§ INSTRUCTIONS TO FOLLOW: The reply must contain exactly the lines below from the one with "Building Photo - 2213 Westside Dr" down to the one with "Violine Full Eternity Ring", both included, and nothing more; please omit the pictures.

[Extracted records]

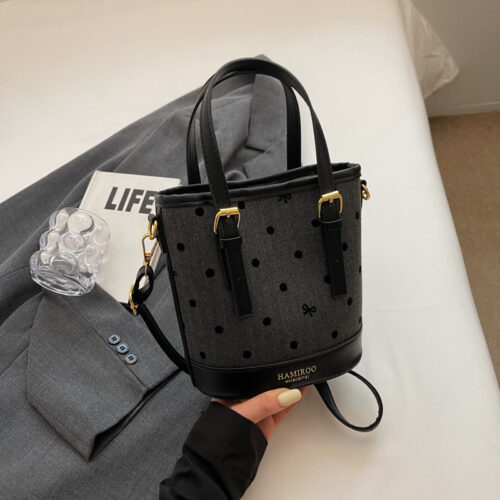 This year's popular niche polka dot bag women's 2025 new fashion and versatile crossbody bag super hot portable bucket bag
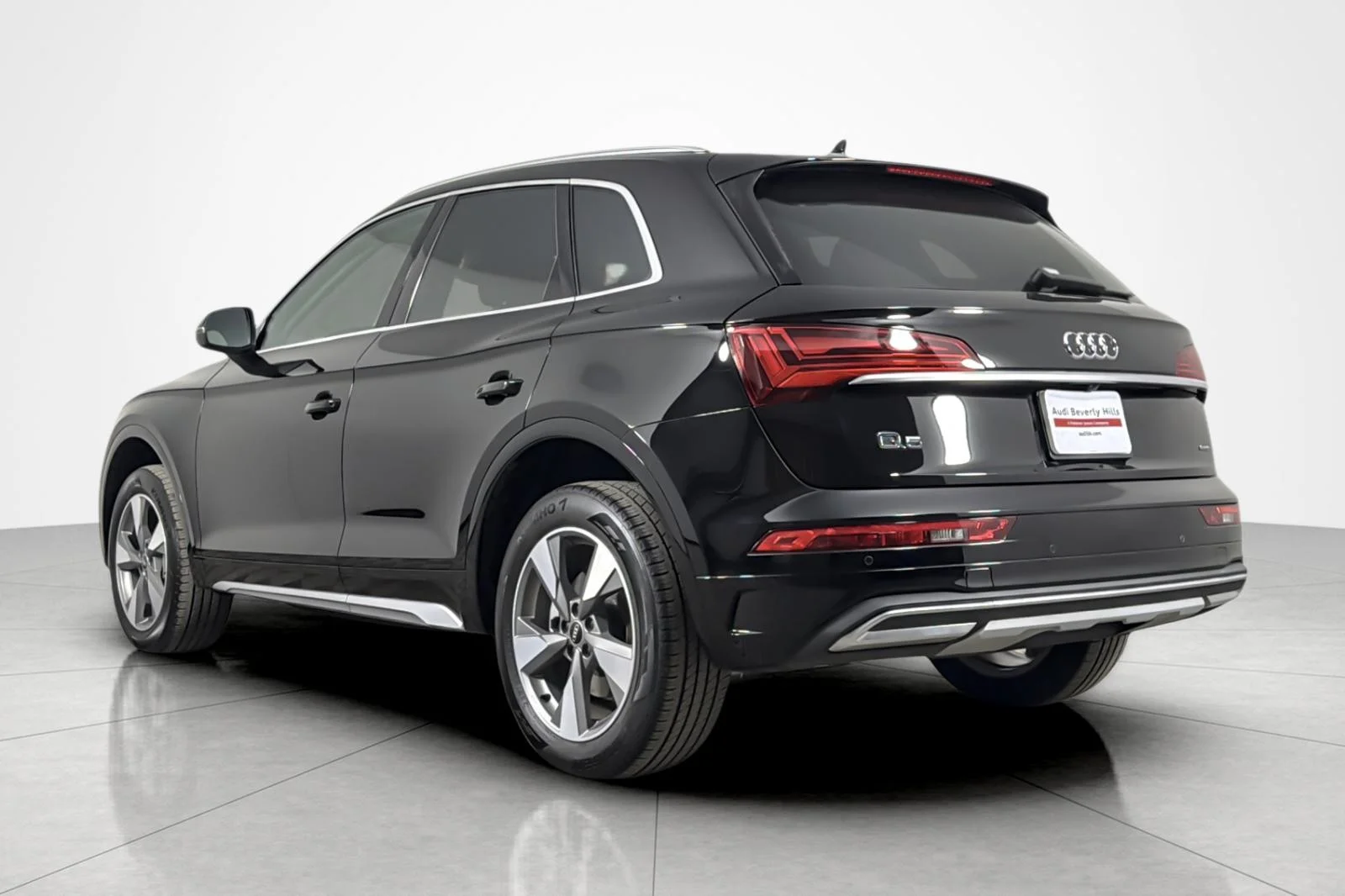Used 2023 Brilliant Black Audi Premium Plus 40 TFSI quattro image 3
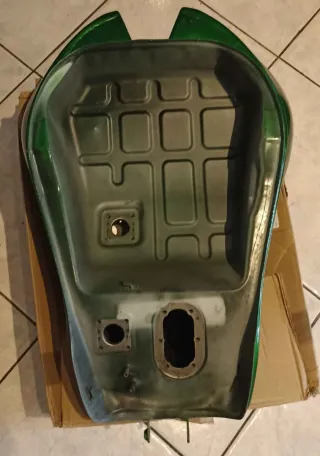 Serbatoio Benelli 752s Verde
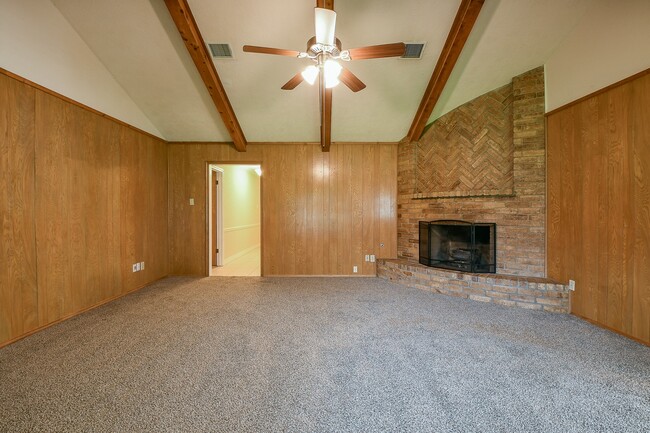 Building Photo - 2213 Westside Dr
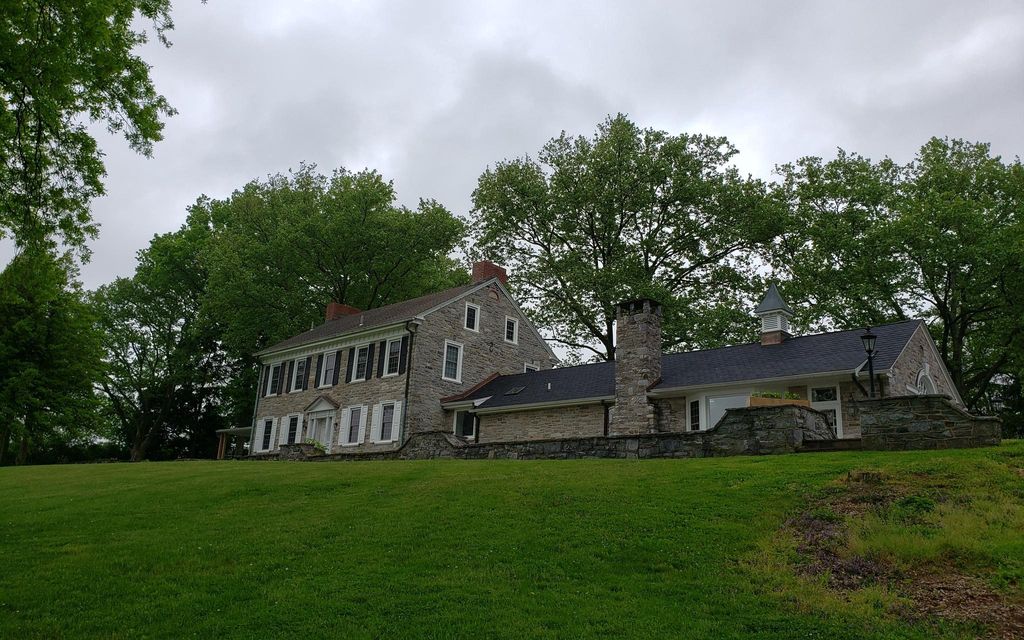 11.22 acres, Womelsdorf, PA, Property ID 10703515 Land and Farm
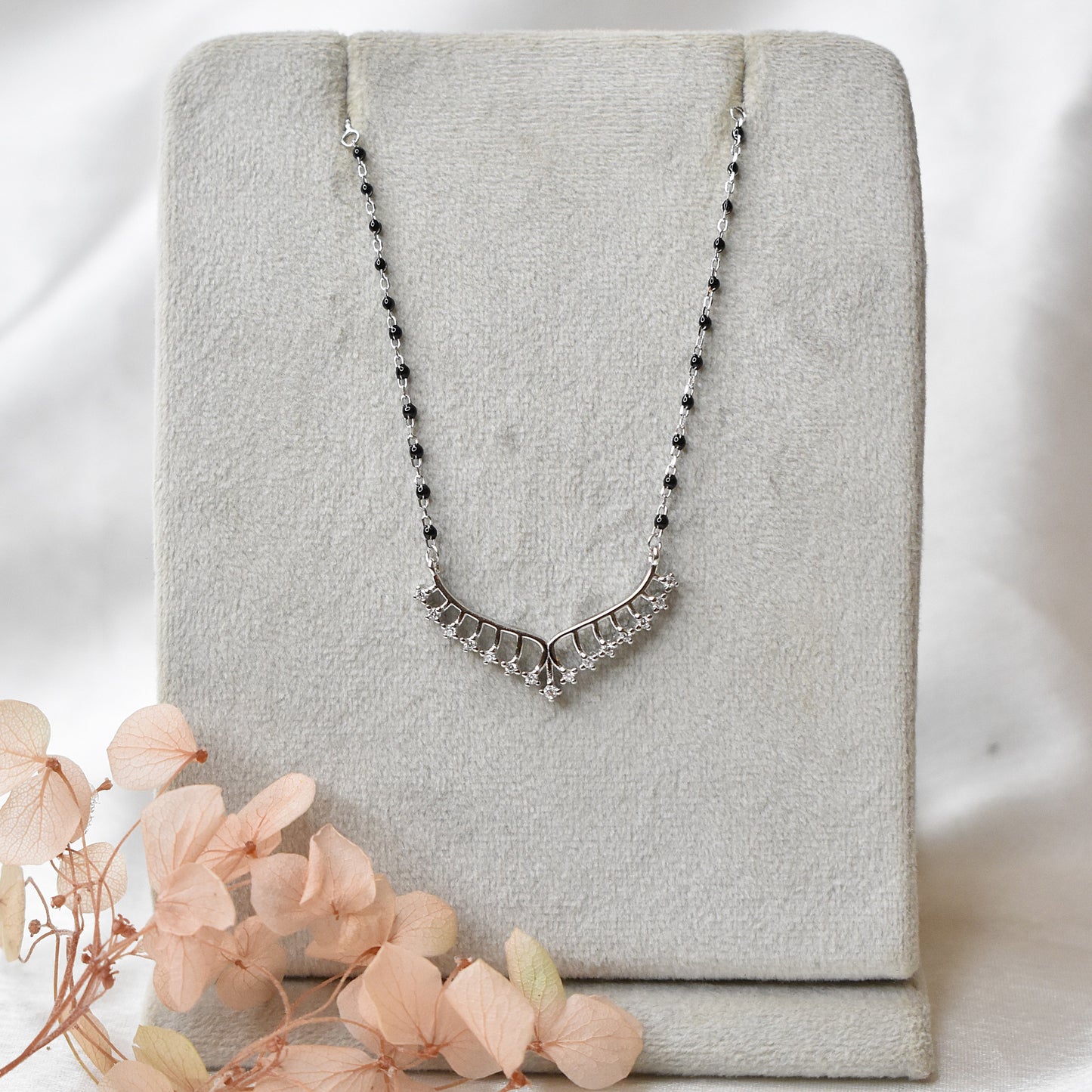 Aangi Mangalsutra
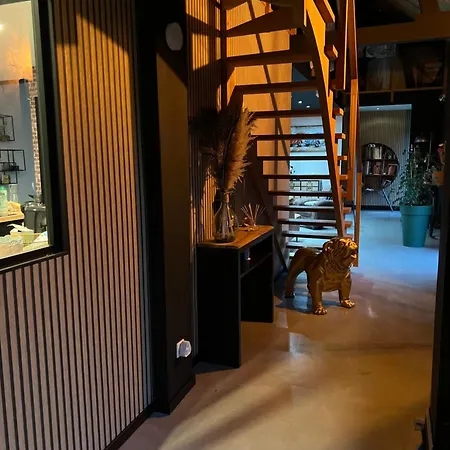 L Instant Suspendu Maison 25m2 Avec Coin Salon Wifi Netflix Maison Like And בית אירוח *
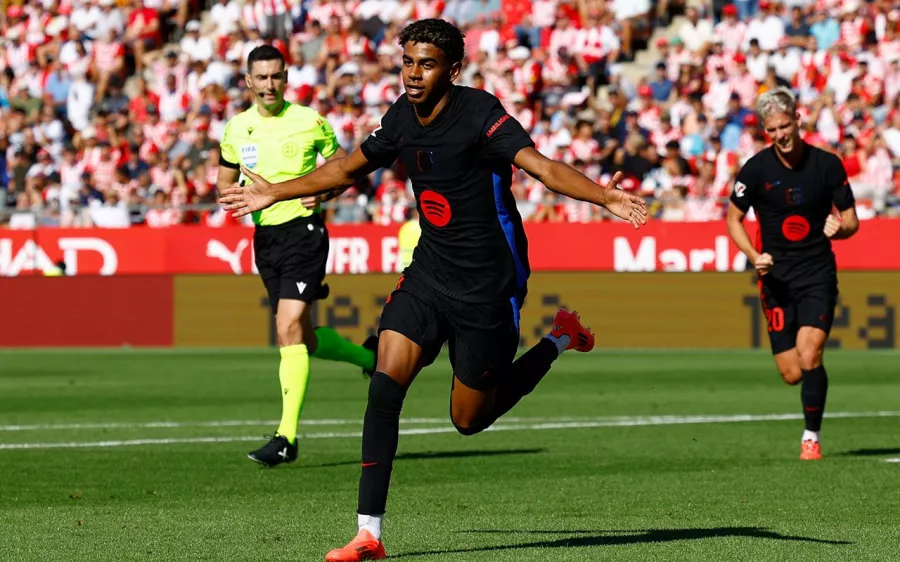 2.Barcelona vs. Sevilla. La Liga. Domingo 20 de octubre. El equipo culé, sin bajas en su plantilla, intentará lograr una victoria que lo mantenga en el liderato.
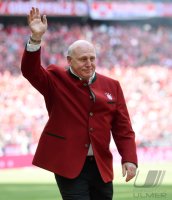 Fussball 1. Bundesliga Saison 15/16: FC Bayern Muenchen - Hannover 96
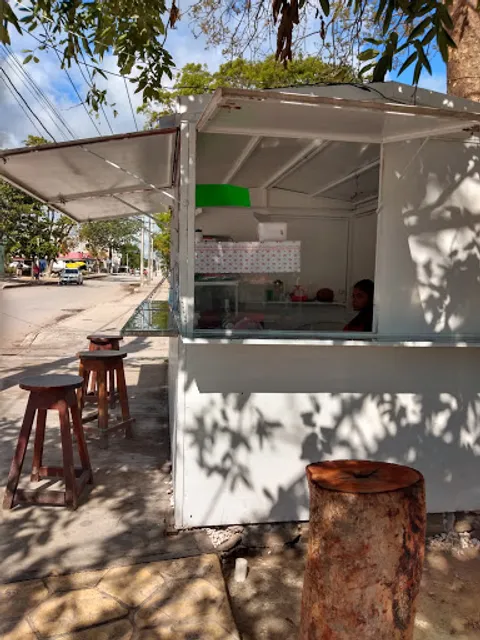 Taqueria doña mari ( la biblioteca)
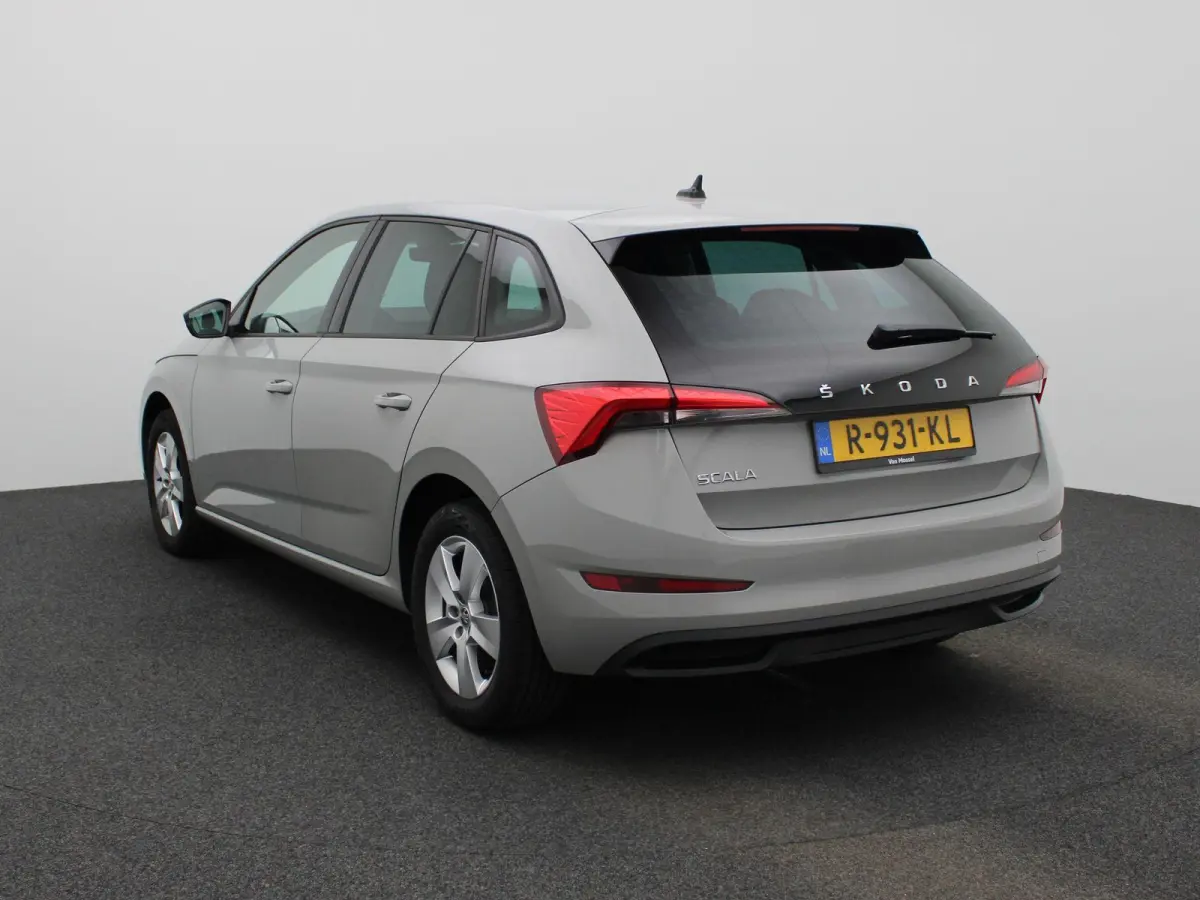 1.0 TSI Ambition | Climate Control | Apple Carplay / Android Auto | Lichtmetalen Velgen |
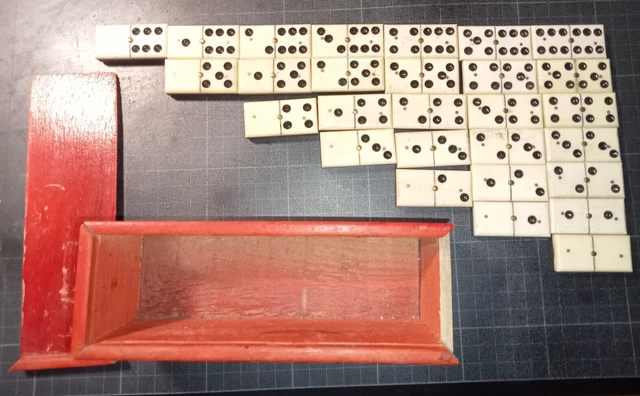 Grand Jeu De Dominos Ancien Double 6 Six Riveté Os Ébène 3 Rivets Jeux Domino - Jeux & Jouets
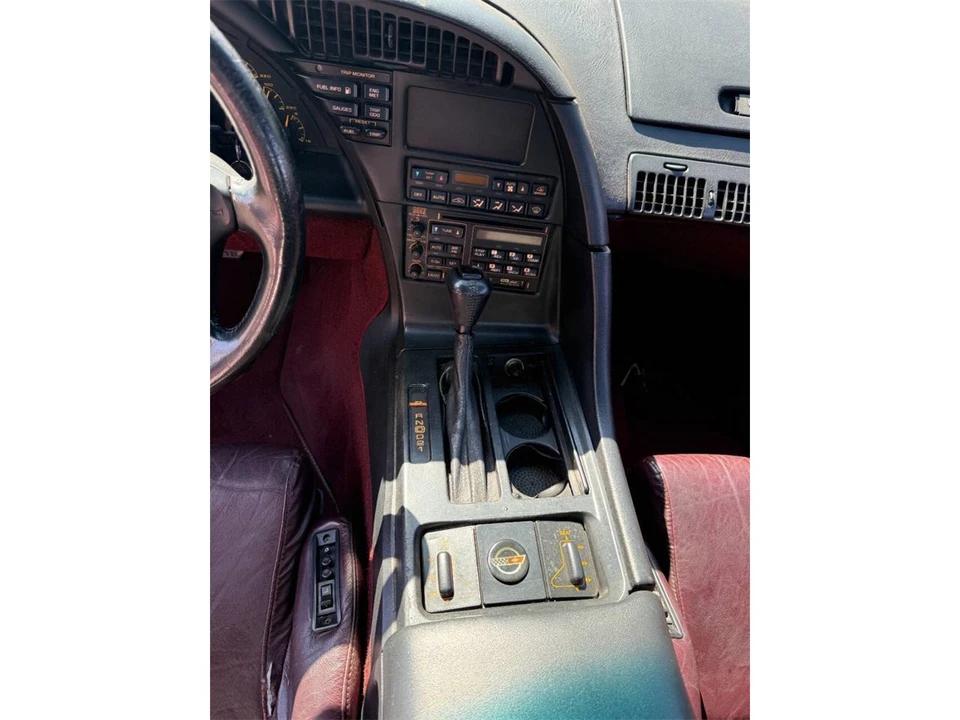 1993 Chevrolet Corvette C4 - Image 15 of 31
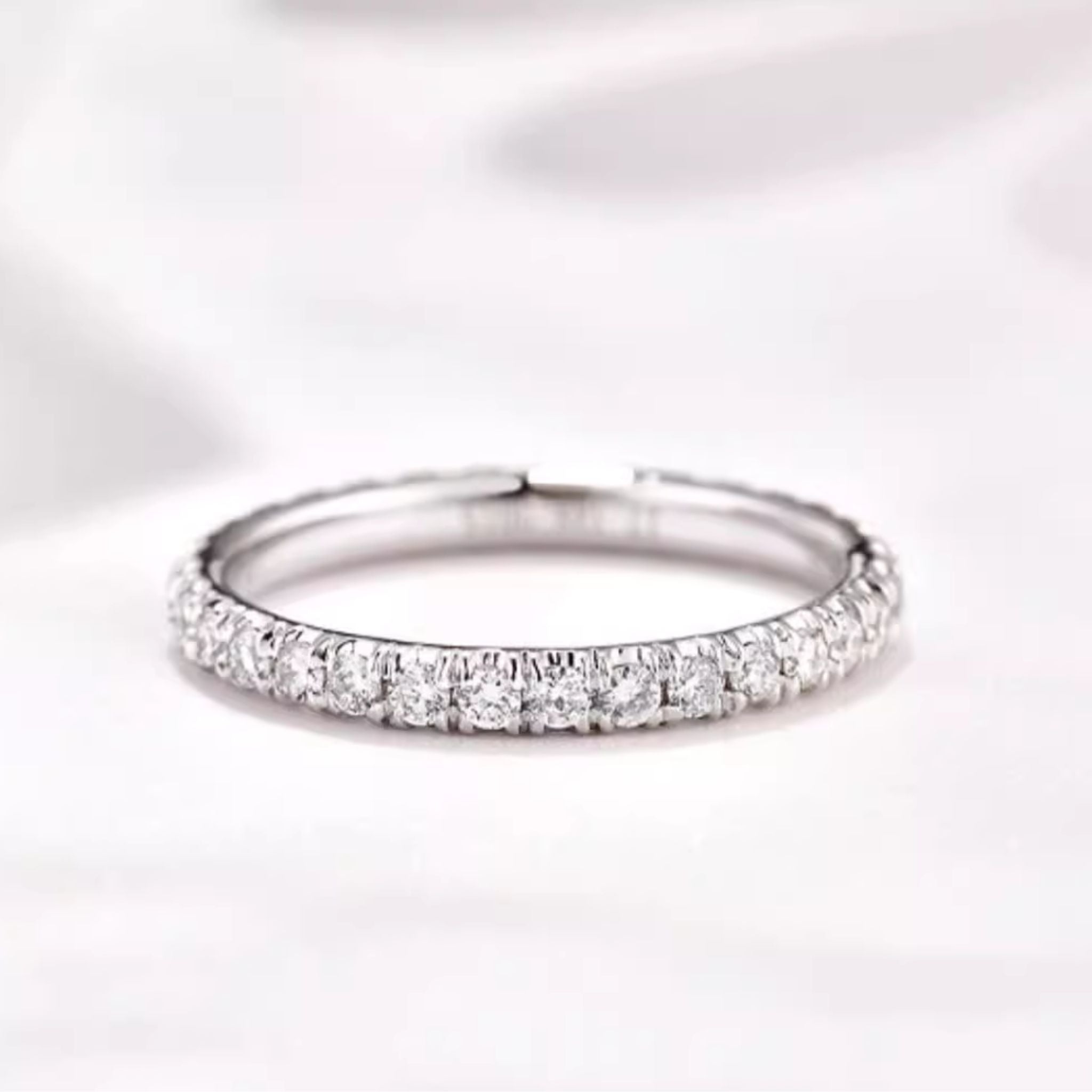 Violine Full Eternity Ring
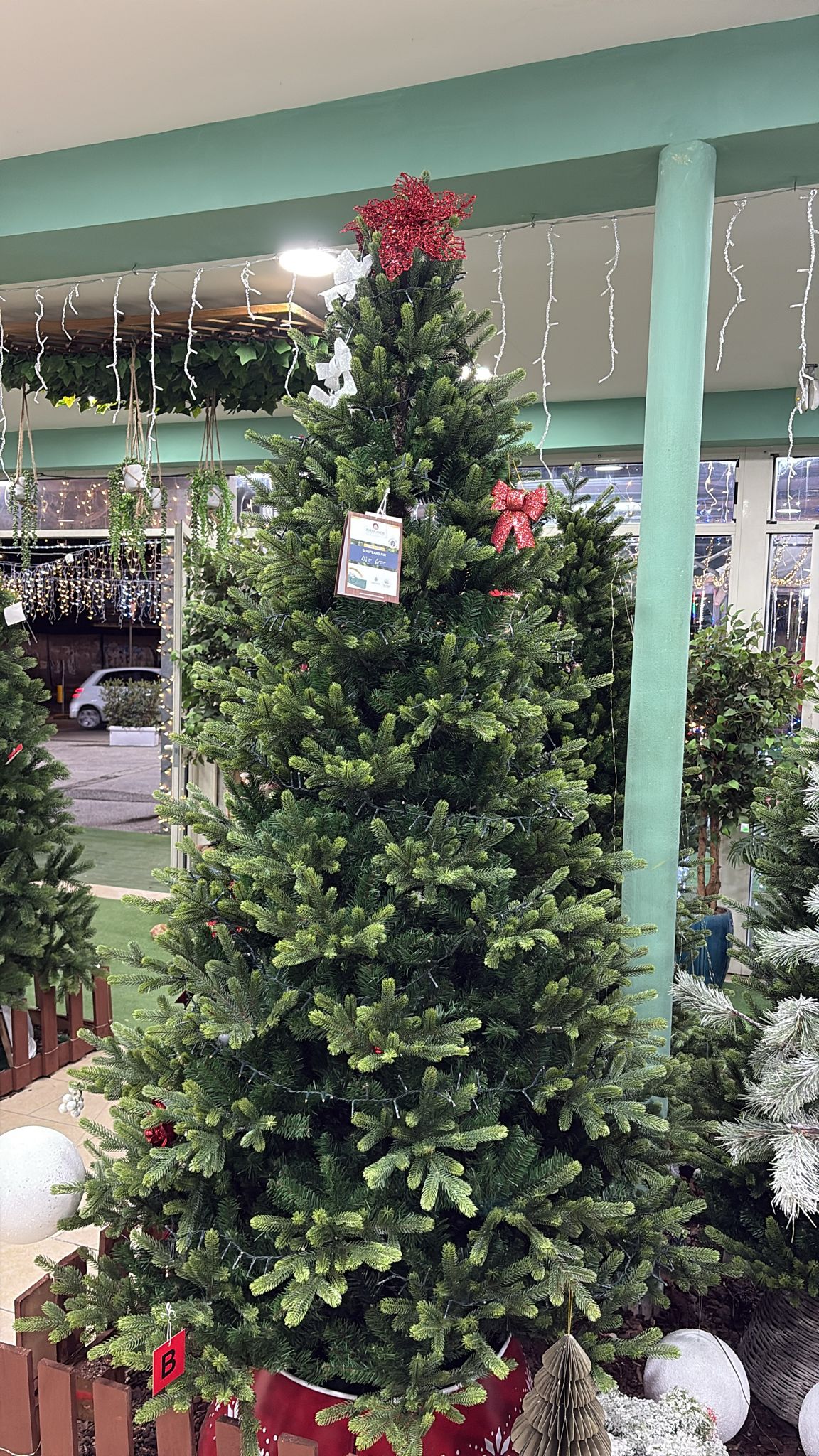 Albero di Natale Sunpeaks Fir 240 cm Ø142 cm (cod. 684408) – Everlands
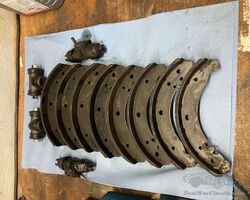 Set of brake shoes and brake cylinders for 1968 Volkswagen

§ EXERCISE ANSWER:
 Building Photo - 2213 Westside Dr
 11.22 acres, Womelsdorf, PA, Property ID 10703515 Land and Farm
 Aangi Mangalsutra
 L Instant Suspendu Maison 25m2 Avec Coin Salon Wifi Netflix Maison Like And בית אירוח *
 2.Barcelona vs. Sevilla. La Liga. Domingo 20 de octubre. El equipo culé, sin bajas en su plantilla, intentará lograr una victoria que lo mantenga en el liderato.
 Fussball 1. Bundesliga Saison 15/16: FC Bayern Muenchen - Hannover 96
 Taqueria doña mari ( la biblioteca)
 1.0 TSI Ambition | Climate Control | Apple Carplay / Android Auto | Lichtmetalen Velgen |
 Grand Jeu De Dominos Ancien Double 6 Six Riveté Os Ébène 3 Rivets Jeux Domino - Jeux & Jouets
 1993 Chevrolet Corvette C4 - Image 15 of 31
 Violine Full Eternity Ring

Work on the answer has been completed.